Short descriptive text snippets
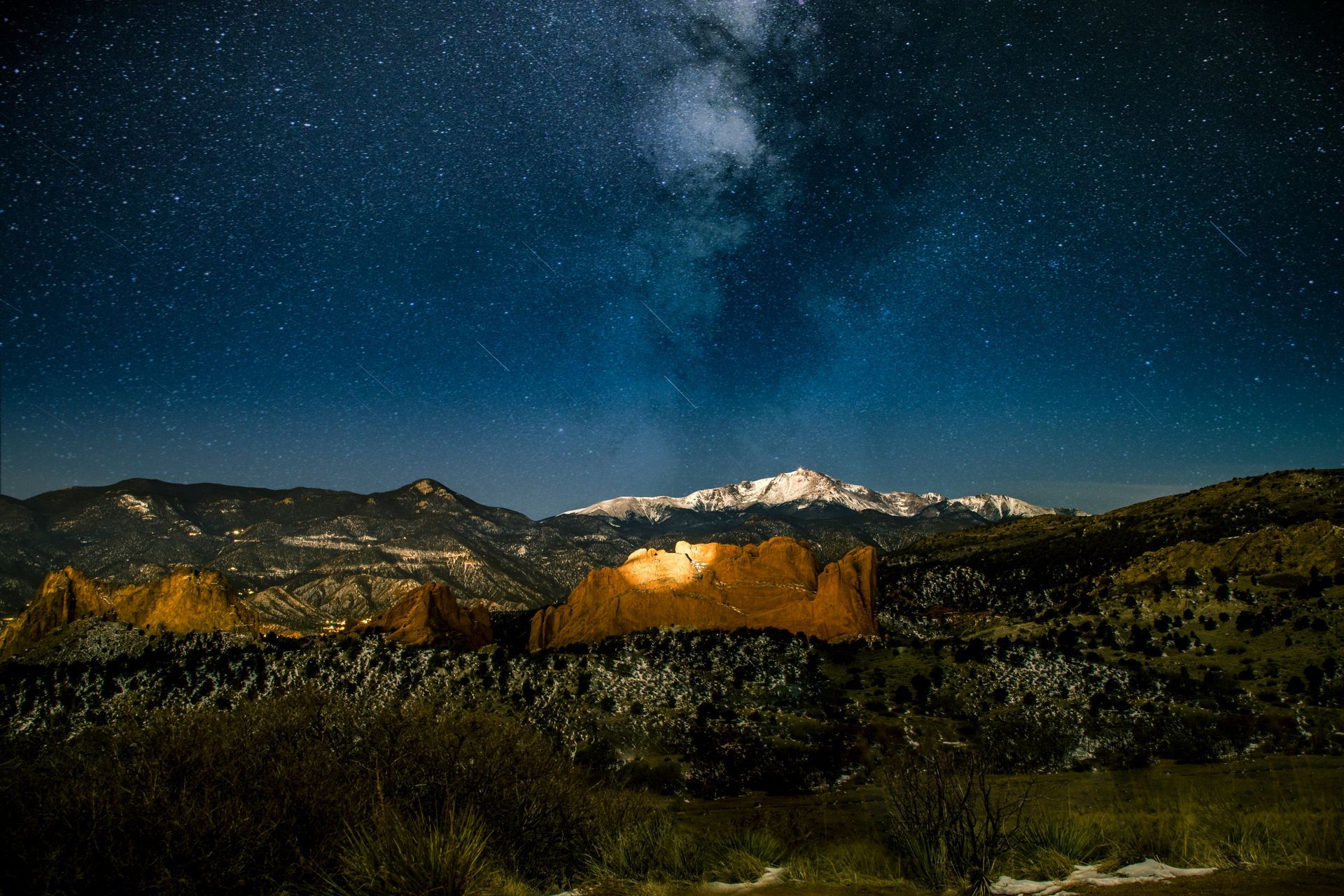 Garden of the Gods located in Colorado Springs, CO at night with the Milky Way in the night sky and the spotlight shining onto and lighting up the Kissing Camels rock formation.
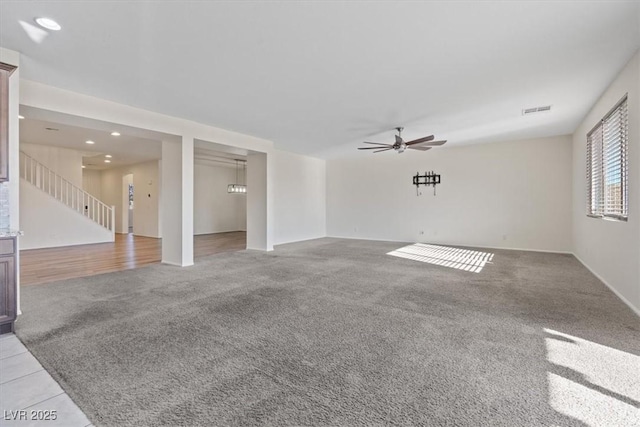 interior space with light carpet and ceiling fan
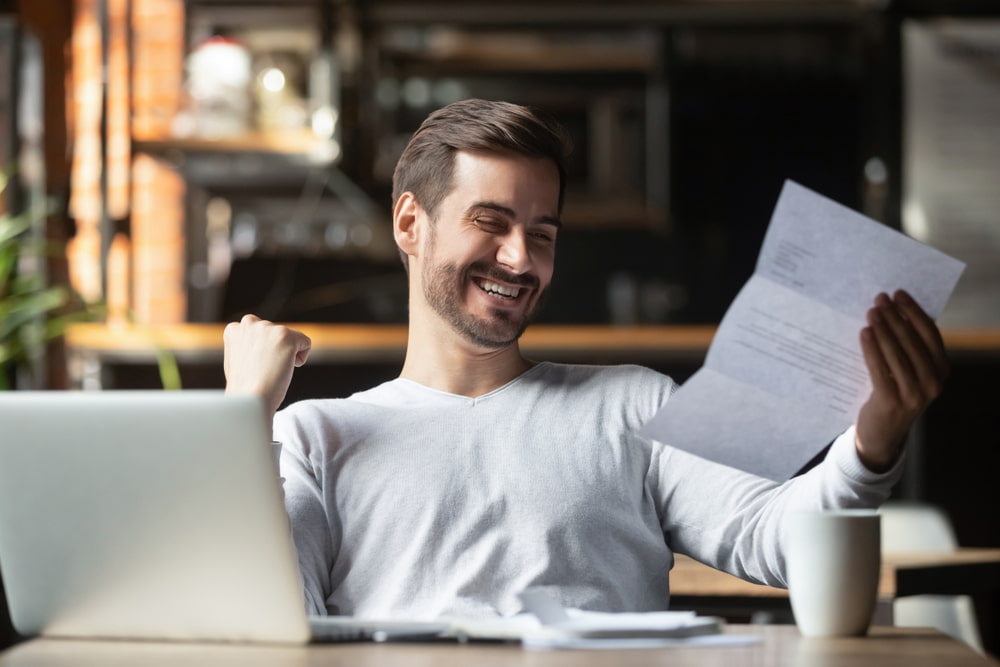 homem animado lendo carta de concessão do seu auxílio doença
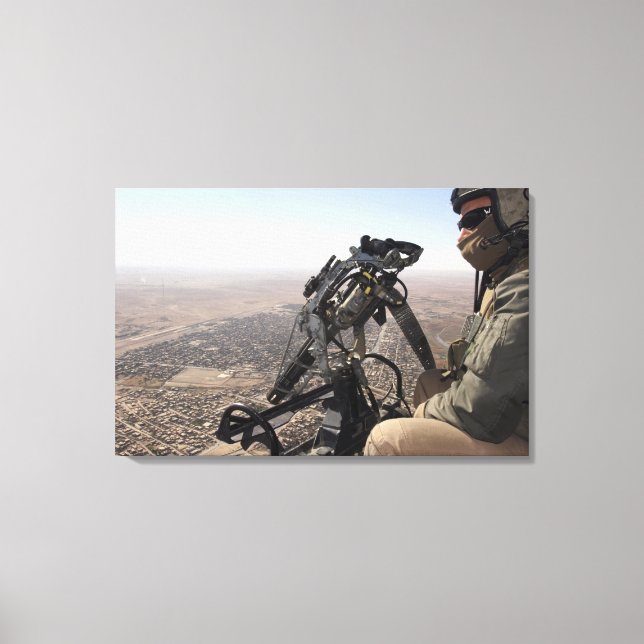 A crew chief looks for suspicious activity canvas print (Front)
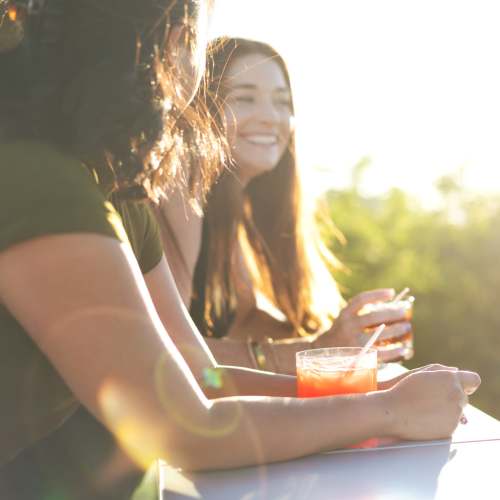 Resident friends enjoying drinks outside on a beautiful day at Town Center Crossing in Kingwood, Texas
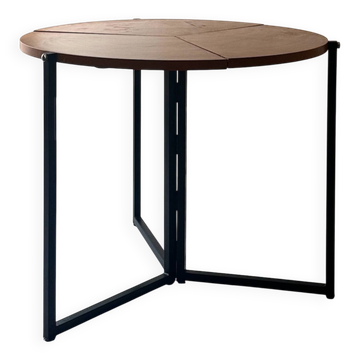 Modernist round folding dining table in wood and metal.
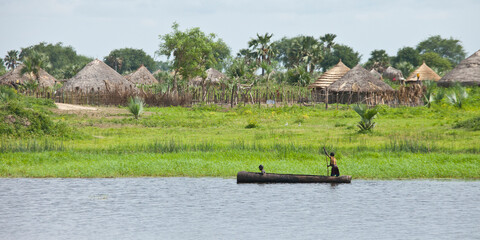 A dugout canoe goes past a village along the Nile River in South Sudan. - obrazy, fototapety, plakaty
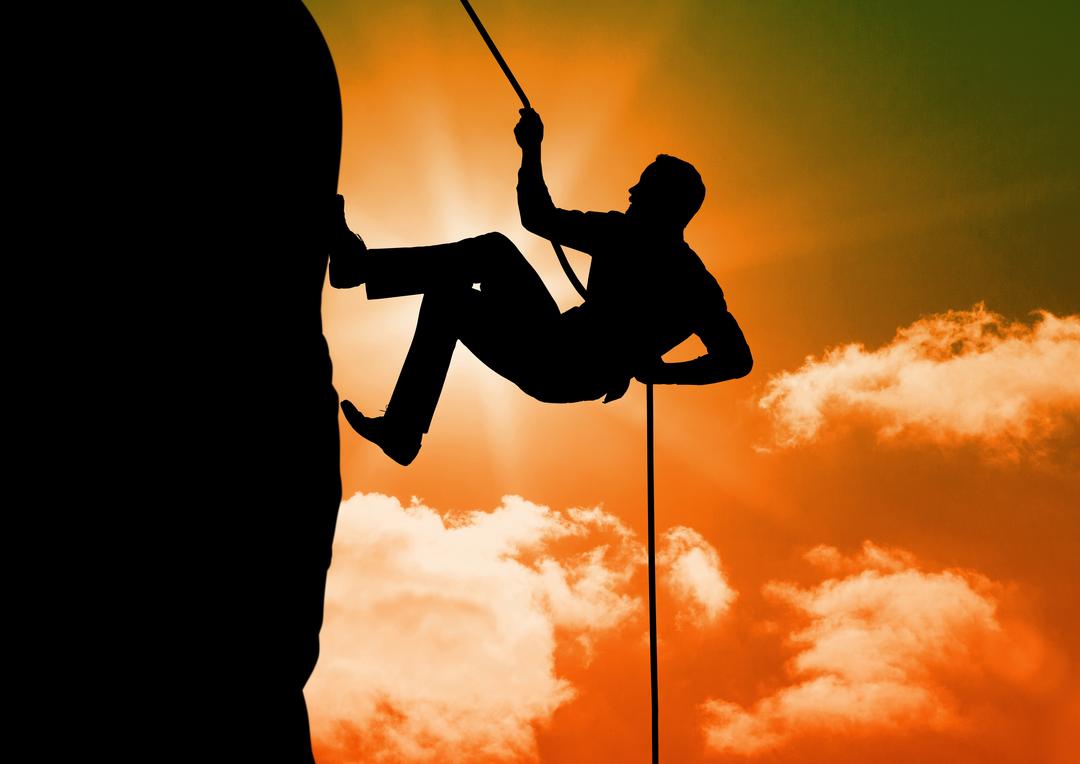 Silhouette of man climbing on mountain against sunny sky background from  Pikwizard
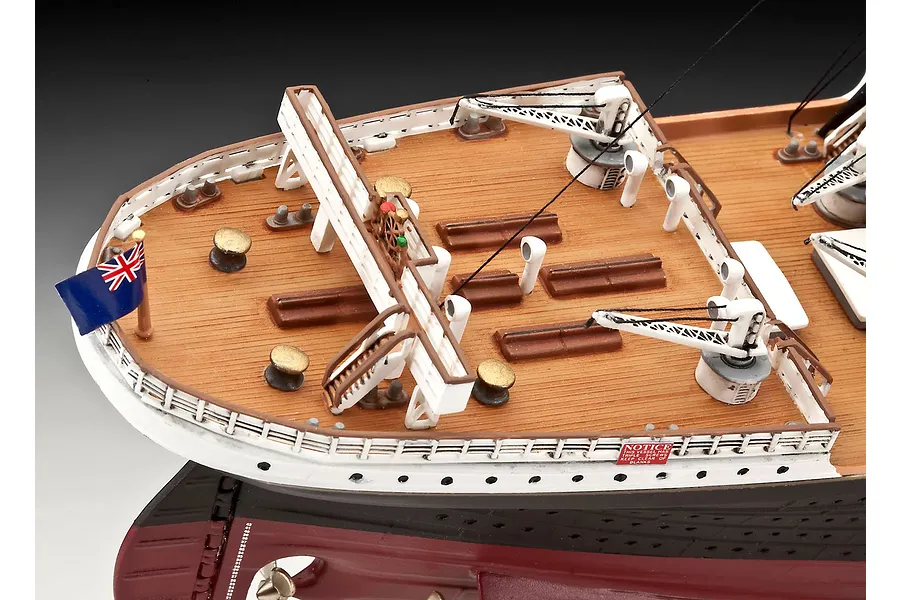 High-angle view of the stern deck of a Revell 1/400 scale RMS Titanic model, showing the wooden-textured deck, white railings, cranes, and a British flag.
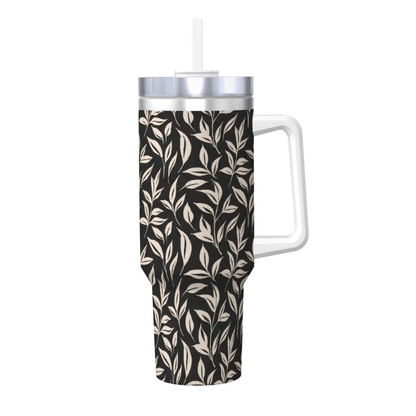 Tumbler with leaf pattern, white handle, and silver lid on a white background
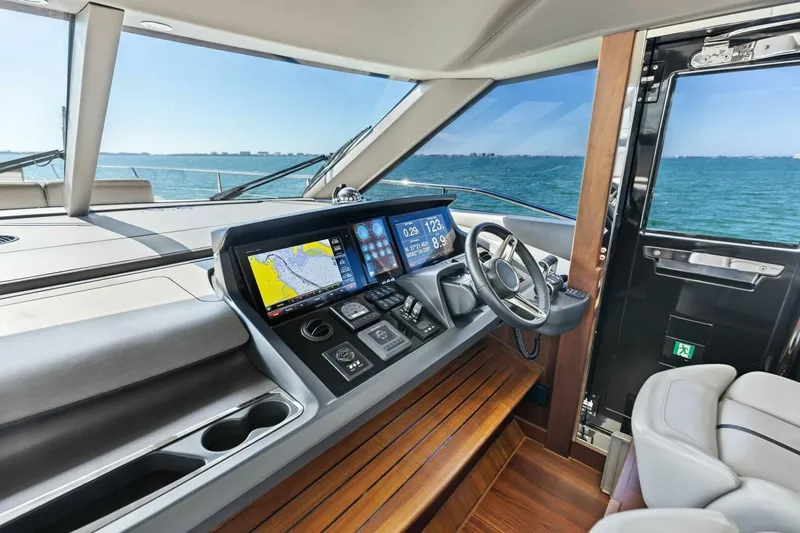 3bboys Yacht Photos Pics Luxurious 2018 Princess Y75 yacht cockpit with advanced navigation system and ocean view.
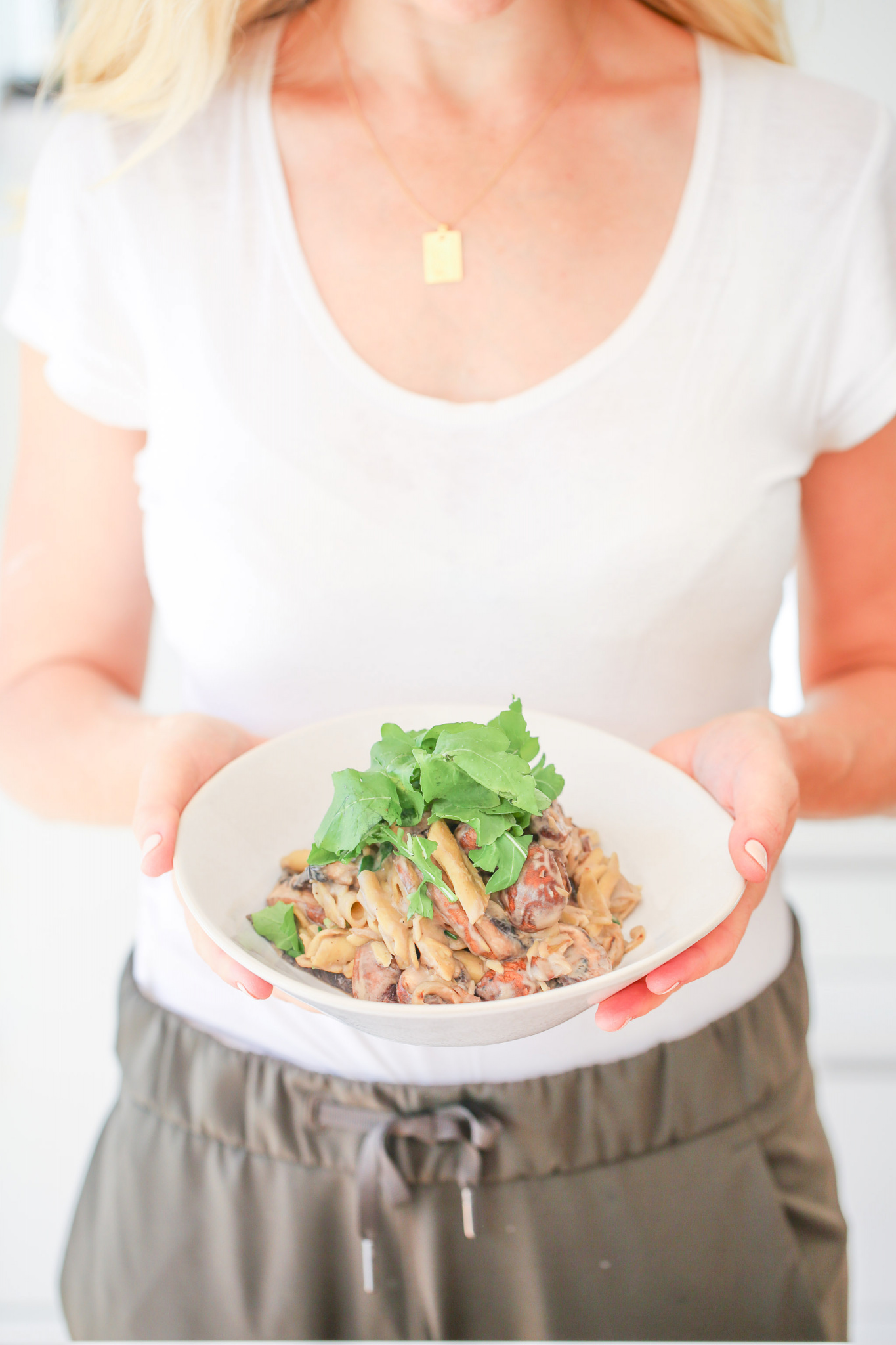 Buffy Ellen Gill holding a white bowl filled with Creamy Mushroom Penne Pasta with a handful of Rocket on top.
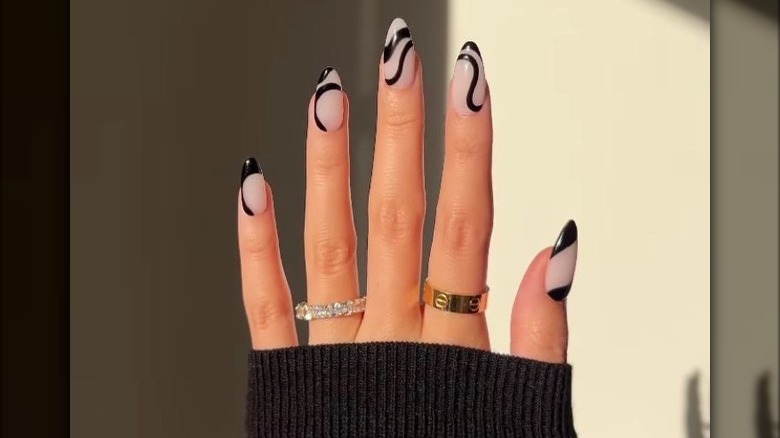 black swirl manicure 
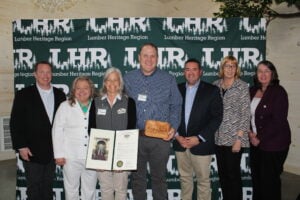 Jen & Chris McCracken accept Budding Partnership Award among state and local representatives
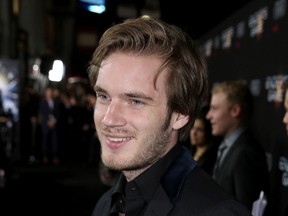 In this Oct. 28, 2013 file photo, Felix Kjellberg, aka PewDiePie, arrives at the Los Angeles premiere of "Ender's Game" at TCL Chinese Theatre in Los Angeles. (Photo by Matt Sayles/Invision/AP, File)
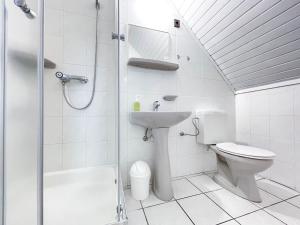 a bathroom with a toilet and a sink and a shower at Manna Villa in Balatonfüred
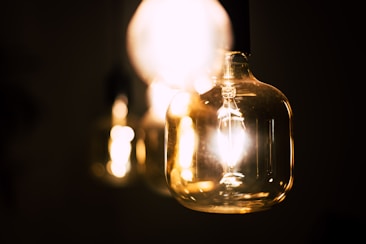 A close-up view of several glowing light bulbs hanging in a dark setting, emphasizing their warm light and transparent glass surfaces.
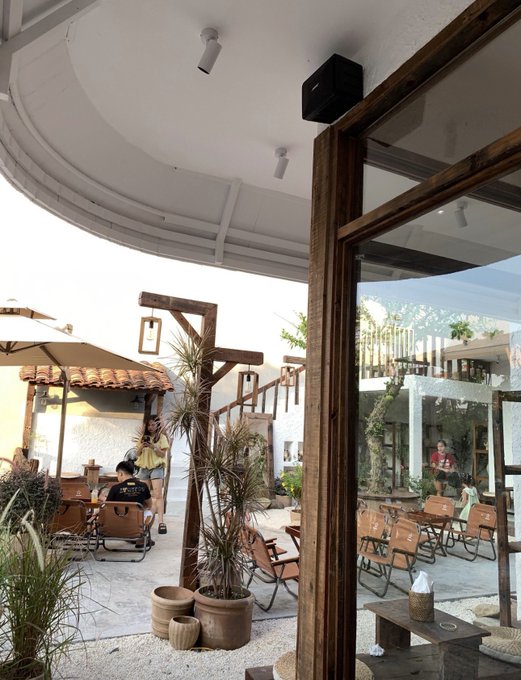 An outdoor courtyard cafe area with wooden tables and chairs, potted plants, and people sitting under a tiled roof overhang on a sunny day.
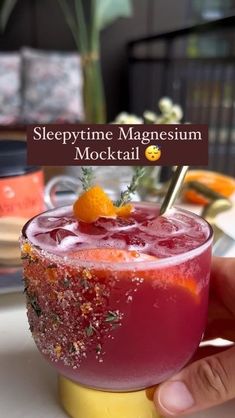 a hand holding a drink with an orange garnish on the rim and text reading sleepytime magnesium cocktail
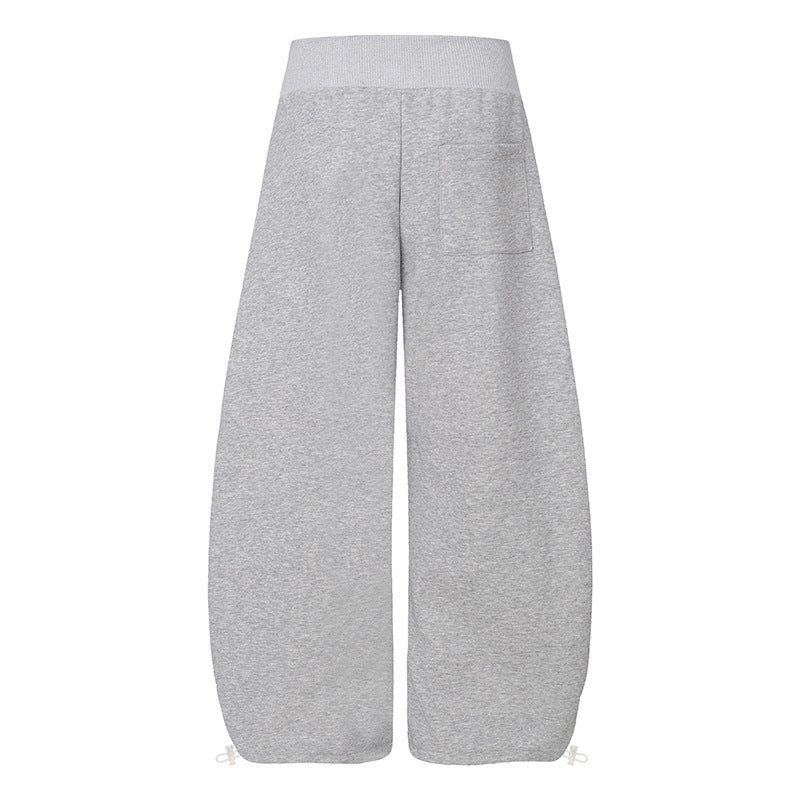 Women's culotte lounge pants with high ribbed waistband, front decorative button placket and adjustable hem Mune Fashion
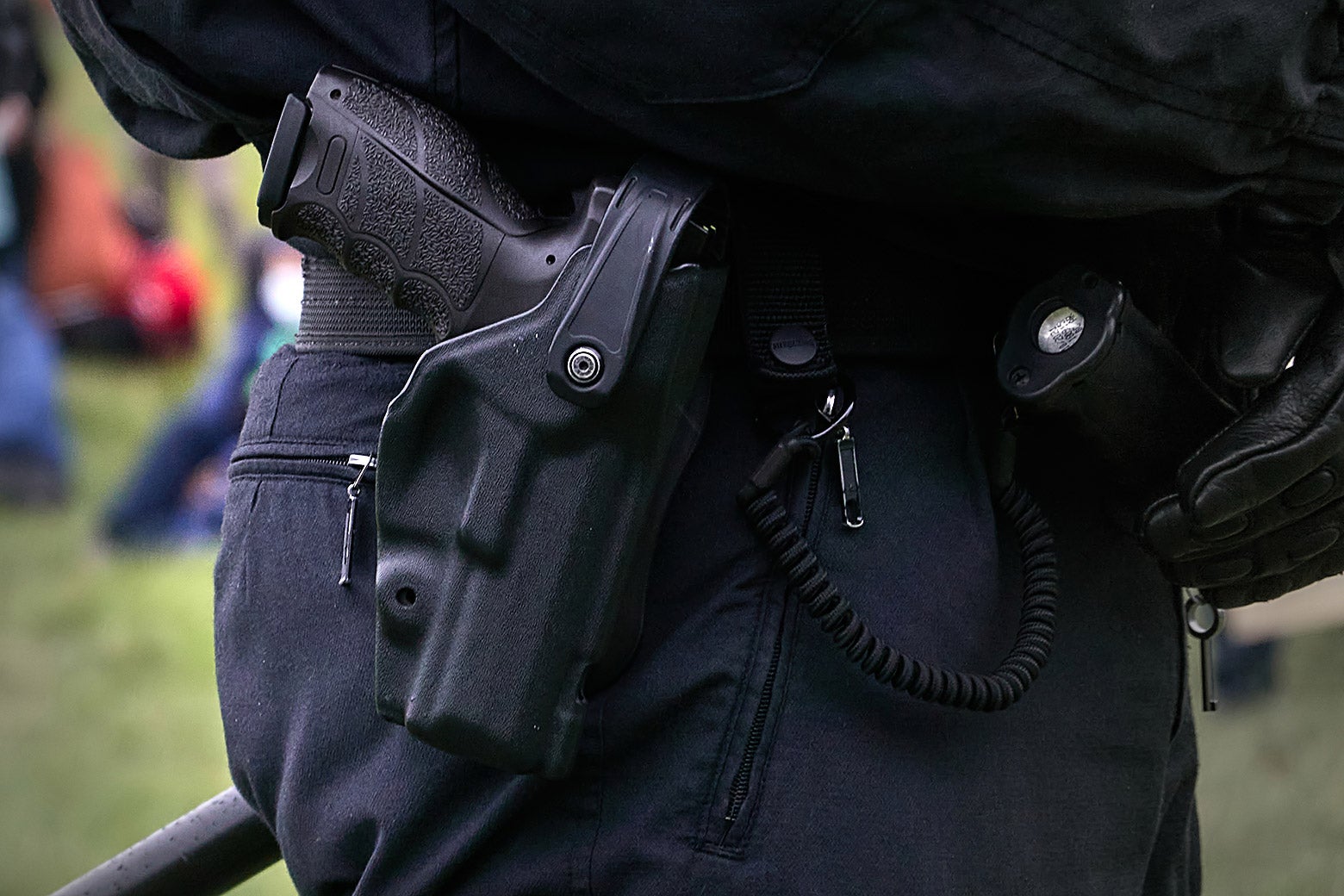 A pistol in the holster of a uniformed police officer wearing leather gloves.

- _PROBLEM DETAILS_: Please set down the lines from the one with "3bboys Yacht Photos" to the end of the entries above, exactly as they are, and drop every picture.

- _RESPONSE TO THE EXERCISE_:
 3bboys Yacht Photos Pics Luxurious 2018 Princess Y75 yacht cockpit with advanced navigation system and ocean view.
 Buffy Ellen Gill holding a white bowl filled with Creamy Mushroom Penne Pasta with a handful of Rocket on top.
 black swirl manicure 
 Jen & Chris McCracken accept Budding Partnership Award among state and local representatives
 In this Oct. 28, 2013 file photo, Felix Kjellberg, aka PewDiePie, arrives at the Los Angeles premiere of "Ender's Game" at TCL Chinese Theatre in Los Angeles. (Photo by Matt Sayles/Invision/AP, File)
 a bathroom with a toilet and a sink and a shower at Manna Villa in Balatonfüred
 A close-up view of several glowing light bulbs hanging in a dark setting, emphasizing their warm light and transparent glass surfaces.
 An outdoor courtyard cafe area with wooden tables and chairs, potted plants, and people sitting under a tiled roof overhang on a sunny day.
 a hand holding a drink with an orange garnish on the rim and text reading sleepytime magnesium cocktail
 Women's culotte lounge pants with high ribbed waistband, front decorative button placket and adjustable hem Mune Fashion
 A pistol in the holster of a uniformed police officer wearing leather gloves.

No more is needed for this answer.